Reset A A Font size: Print

Court of Appeal, Fifth District, California.

The PEOPLE, Plaintiff and Respondent, v. Salome Anaya TOVAR, Defendant and Appellant.

No. F014822.

Decided: April 08, 1992

Andrew Cappelli, Oakland, under appointment by the Court of Appeal, for defendant and appellant. Daniel E. Lungren, Atty. Gen., George Williamson, Chief Asst. Atty. Gen., Robert R. Anderson, Acting Asst. Atty. Gen., J. Robert Jibson and Roger E. Venturi, Deputy Attys.

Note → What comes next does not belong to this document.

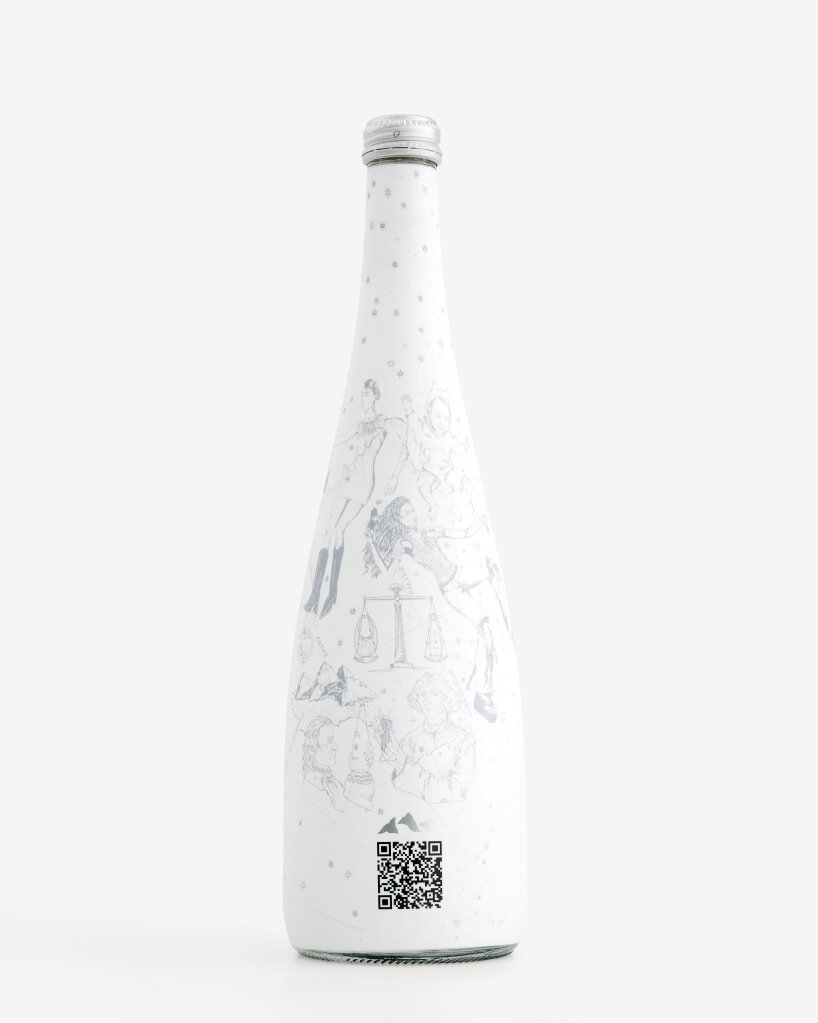 coperni evian glass bottles astronomical constellations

Gen., Sacramento, for plaintiff and respondent.



Salome Anaya Tovar was accused in count I with the attempted first degree murder of one Esteban Rivera with three separate enhancements and in count II with assault with a firearm upon Esteban Rivera with three separate enhancements.

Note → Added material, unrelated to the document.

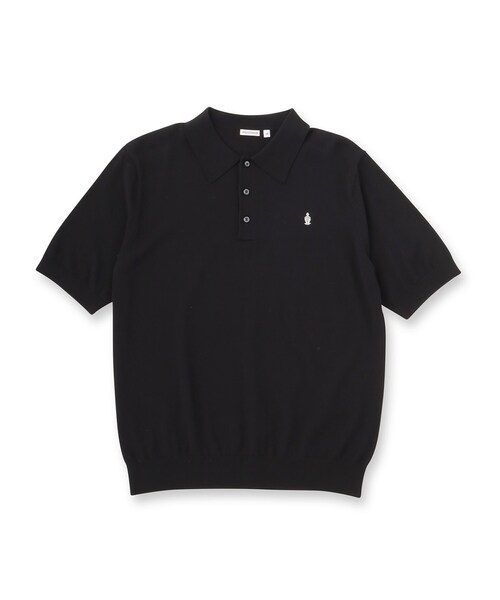 DRESSTERIOR(ドレステリア)の「【ウォッシャブル】コットンシルク混 ニットポロシャツ(ニット/セーター・メンズ・ブラック/グレー/ダークブラウン・94/92/91/90)」の19枚目の写真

On September 25, 1990, a jury trial commenced.   Appellant personally admitted the special allegation under counts I and II as defined under Penal Code section 12022.1.2  Several prosecution witnesses testified that appellant fired several shots at Esteban Rivera in the parking lot of the Kahlil market in Tulare County and then drove away.   After three days of trial, the jury convicted appellant of attempted second degree murder and assault with a deadly weapon, and found the allegations of personal use of a firearm and infliction of great bodily injury to be true.

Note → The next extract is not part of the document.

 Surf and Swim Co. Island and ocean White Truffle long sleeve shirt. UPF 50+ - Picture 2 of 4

On October 25, 1990, the court denied probation and imposed the upper term of nine years with a consecutive two-year term for the enhancement under section 12022.1.   The court imposed and then stayed the terms for the assault with a firearm conviction and the three enhancements found to be true under count II of the information.   Appellant was sentenced to a total prison term of 11 years with credits of 205 days.   He filed a timely notice of appeal.



The question of first impression before this court is whether section 12022.1 should apply to persons granted a prejudgment release by a federal court.   The section provides:

“(a) For the purposes of this section only:

“(1) ‘Primary offense’ means a felony offense for which a person has been released from custody on bail or on his or her own recognizance prior to the judgment becoming final, including the disposition of any appeal, or for which release on bail or his or her own recognizance has been revoked.

“(2) ‘Secondary offense’ means a felony offense alleged to have been committed while the person is released form custody for a primary offense.

“(b) Any person arrested for a secondary offense which was alleged to have been committed while that person was released from custody on a primary offense shall be subject to a penalty enhancement of an additional two years in state prison which shall be served consecutive to any other term imposed by the court.

“(c) The enhancement allegation provided in subdivision (b) shall be pleaded in the information or indictment which alleges the secondary offense and shall be proved as provided by law.   The enhancement allegation may be pleaded in a complaint but need not be proved at the preliminary hearing for the secondary offense.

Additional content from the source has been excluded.